I think the Sauds would lose, if it came to major military combat. They don’t have much of a native military, having preferred to use the US instead.
? We should let em. Then blow up Tehran.
Help the Iranian people eradicate the tyrants with a little air support.
I’m down with that.
Don’t bother sending troops.
Just create a sea of glass and move on.
Something is very wrong about the entire affair....Why am I not surprised?? We assassinate someone and call out someone else on a "possible" assassination????
There are 5 really good air bases in Northern Saudi Arabia. Any of them would provide Israel with an excellent staging base for an Iranian attack. If the Saudi's want to destroy the Iranian nuclear threat, all they have to do is give Israel a week or two access to one of these bases, and a lot of jet fuel.
Ours? :’)
Iran has more than three times as many people, but when one looks at how few Iranians actually support the regime, it’s unlikely that the mullahcracy dares to start a war with anyone. The Iran-Iraq war did one nice think — it fed a whole generation of pro-Khomeini fanatics to the guns, and they didn’t survive to produce more fanatics. The survivors of the Iran-Iraq war were disproportionately anti-Khomeini.

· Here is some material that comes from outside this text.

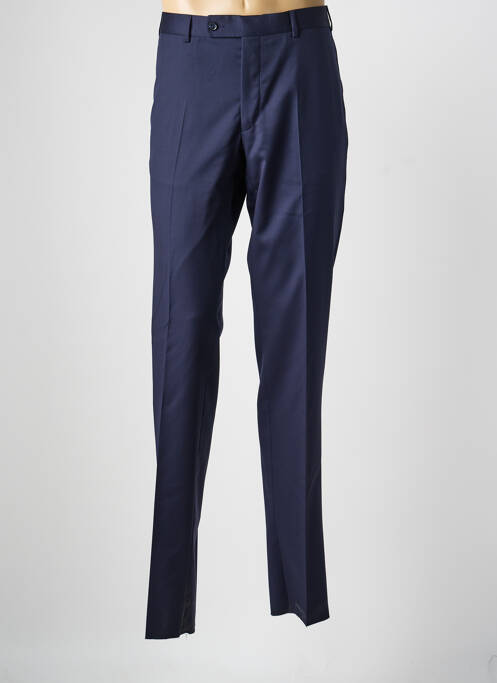 Pantalon slim talie cu cleme mărime normală albastru SCABAL homme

The Saudis number less than 20 million, and there are A) around five million guest workers, mostly from Islamic countries in southern and SE Asia, and B) there are an awful large number of Shiites, and they mostly live in the oil patch. Iran’s move would be to encourage and facilitate an indigenous uprising, which would of course result in nearly immediate US involvement, with the blessings of the UNSC, including China, and Russia would abstain.
This was my thought as well. This incident could well cause Israel and Saudi Arabia to join hands, covertly of course. Israel would attack Iran and the Saudi’s would conveniently deny any knowledge while actually be providing Israel lots help with air bases, logistics, fuel, intelligence, etc.
The Saudis would win easily because they have a “mercenary” — i.e., the U.S. government that they’ve bought and owned for years — that Iran simply can’t match.
“give Israel access” — that is political suicide for the Saudis. If they did this, they would be thrown out of their own country by their subjects.